### Exercise
From the listing below, extract every line in which the word "that" appears.

### Supplied material
- - -
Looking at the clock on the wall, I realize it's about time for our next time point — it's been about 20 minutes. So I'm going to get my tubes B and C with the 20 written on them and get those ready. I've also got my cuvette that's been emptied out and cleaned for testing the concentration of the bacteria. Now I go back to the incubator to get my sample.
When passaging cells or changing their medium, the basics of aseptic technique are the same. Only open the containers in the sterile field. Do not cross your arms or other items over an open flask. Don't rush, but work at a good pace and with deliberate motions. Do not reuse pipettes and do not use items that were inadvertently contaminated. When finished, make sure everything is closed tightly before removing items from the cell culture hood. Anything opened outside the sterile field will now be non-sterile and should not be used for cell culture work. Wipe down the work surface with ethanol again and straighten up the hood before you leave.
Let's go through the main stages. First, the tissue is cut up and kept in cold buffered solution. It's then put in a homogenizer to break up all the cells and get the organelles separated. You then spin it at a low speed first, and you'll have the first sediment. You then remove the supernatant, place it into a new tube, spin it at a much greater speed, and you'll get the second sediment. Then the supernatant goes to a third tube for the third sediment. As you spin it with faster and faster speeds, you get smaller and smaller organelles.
- - -
### Answer to the exercise
Looking at the clock on the wall, I realize it's about time for our next time point — it's been about 20 minutes. So I'm going to get my tubes B and C with the 20 written on them and get those ready. I've also got my cuvette that's been emptied out and cleaned for testing the concentration of the bacteria. Now I go back to the incubator to get my sample.
When passaging cells or changing their medium, the basics of aseptic technique are the same. Only open the containers in the sterile field. Do not cross your arms or other items over an open flask. Don't rush, but work at a good pace and with deliberate motions. Do not reuse pipettes and do not use items that were inadvertently contaminated. When finished, make sure everything is closed tightly before removing items from the cell culture hood. Anything opened outside the sterile field will now be non-sterile and should not be used for cell culture work. Wipe down the work surface with ethanol again and straighten up the hood before you leave.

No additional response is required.